藤沢翔陵高校卒業生・三本雅彦さん(33)が初となる時代小説単行本「運び屋 円十郎」を上梓した。9日から、全国書店で販売されている。
三本さんは鎌倉市在住で、2007年度に同校を卒業。17年に『新芽』で第97回オール讀物新人賞を受賞した。
5作品の連作短編で、時代は幕末の江戸。浪人の円十郎は「運び屋」という裏の稼業を持ち、依頼を受けて江戸の町を駆け回るという設定。
運び屋としての掟や、元運び屋である父・半兵衛との親子の確執など、現代にも通じる人間ドラマを丁寧に描いた。
「不変の魅力」描く
中学校の頃から小説を書き始めた三本さん。当初はファンタジーをテーマにしていたが、知り合いからもらった本の中から、時代小説に出会った。「文化や常識が違う時代を舞台にしているからこそ、友情や愛情、ライバル心など、人の不変的な感情が鮮明に伝わってきた」と振り返る。

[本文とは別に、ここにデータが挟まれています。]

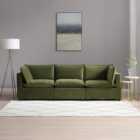 Moda 3 Seater Modular Sofa, Olive Velvet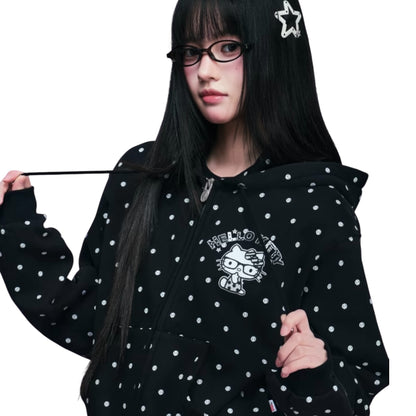 【HELLO KITTY官方聯名】 黑白波點連帽外套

大学生になってからは時代小説に絞って作品を描き、卒業後も会社員として勤務しながら短編を生み続けた。時代小説のファンはもちろん、未経験の人でも楽しめるような文章のリズムなどにもこだわったという。
初の単行本に「やっとここまで来ることができた」と喜びを語り、「若い人にも読んでもらい、歴史に興味を持ってもらえたら。作家としてここがスタートライン。作品を作り続けていきたい」と新作に意欲を燃やす。
文藝春秋刊行。四六判、296頁。1980円(税込)。